---------- Source data ----------

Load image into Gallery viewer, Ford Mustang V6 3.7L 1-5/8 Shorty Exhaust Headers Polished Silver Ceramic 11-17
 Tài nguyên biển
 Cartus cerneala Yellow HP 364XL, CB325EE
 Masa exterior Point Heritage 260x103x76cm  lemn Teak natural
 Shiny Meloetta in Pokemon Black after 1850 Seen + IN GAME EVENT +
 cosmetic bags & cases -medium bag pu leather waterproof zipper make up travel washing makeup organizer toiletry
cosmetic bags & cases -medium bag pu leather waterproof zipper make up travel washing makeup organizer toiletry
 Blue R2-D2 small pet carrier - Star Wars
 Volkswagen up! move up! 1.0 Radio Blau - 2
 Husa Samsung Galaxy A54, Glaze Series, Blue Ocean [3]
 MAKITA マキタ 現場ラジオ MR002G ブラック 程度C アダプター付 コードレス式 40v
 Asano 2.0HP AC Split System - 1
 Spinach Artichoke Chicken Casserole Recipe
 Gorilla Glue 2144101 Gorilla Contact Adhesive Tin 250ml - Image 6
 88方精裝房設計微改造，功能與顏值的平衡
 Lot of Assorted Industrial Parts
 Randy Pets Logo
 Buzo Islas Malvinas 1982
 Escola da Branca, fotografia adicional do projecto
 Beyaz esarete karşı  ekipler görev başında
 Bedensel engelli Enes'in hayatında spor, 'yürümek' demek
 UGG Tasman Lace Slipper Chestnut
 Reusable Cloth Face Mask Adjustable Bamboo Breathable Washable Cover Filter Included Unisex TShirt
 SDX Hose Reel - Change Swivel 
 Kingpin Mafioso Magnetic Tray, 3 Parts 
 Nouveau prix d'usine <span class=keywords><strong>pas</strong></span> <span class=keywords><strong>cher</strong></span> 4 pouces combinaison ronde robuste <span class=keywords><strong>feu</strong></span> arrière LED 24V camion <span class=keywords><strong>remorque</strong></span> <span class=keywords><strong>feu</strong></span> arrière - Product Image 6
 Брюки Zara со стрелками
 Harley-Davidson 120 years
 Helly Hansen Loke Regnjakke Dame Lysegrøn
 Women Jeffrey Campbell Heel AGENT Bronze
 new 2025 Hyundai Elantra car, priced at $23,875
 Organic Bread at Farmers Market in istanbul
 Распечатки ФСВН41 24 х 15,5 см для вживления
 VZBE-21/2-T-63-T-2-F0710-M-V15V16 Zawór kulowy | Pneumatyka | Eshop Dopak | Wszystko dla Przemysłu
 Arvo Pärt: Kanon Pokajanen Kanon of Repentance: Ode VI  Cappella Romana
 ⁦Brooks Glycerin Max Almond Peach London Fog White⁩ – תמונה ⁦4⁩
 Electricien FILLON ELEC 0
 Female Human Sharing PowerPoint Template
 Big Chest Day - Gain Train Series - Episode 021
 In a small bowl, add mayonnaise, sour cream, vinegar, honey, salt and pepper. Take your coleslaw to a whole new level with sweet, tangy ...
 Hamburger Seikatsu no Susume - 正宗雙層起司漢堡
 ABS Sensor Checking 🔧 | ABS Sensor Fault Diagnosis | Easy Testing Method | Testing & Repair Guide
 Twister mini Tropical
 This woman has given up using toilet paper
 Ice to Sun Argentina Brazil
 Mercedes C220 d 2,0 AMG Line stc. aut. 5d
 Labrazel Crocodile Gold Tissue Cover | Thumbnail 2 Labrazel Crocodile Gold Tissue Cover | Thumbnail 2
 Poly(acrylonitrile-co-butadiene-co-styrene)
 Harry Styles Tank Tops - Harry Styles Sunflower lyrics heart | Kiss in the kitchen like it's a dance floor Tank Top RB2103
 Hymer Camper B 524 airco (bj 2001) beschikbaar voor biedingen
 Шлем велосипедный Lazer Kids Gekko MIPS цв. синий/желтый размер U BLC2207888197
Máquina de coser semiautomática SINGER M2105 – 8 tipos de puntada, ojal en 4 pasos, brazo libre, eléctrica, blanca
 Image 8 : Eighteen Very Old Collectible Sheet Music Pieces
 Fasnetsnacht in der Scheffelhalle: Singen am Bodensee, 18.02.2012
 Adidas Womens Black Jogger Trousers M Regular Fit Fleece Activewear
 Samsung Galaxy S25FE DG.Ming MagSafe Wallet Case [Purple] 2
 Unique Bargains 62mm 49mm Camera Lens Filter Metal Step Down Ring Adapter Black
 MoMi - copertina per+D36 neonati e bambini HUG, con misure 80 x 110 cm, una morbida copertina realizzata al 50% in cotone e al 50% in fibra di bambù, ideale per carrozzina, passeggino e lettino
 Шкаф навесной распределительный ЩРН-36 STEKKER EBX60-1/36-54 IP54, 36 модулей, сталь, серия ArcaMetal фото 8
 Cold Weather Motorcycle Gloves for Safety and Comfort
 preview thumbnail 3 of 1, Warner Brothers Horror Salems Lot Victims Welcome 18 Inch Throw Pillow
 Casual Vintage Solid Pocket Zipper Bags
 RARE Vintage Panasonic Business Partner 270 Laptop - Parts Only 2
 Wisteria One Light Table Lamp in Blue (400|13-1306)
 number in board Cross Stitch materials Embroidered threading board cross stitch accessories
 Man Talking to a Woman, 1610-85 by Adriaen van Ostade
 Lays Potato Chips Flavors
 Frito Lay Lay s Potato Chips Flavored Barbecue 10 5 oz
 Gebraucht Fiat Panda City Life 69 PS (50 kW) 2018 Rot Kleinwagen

----------

* [Work required] Each line from the one containing "Man Talking to" through the end of the material must be returned exactly; no other line should appear.

* [Your response]
 Man Talking to a Woman, 1610-85 by Adriaen van Ostade
 Lays Potato Chips Flavors
 Frito Lay Lay s Potato Chips Flavored Barbecue 10 5 oz
 Gebraucht Fiat Panda City Life 69 PS (50 kW) 2018 Rot Kleinwagen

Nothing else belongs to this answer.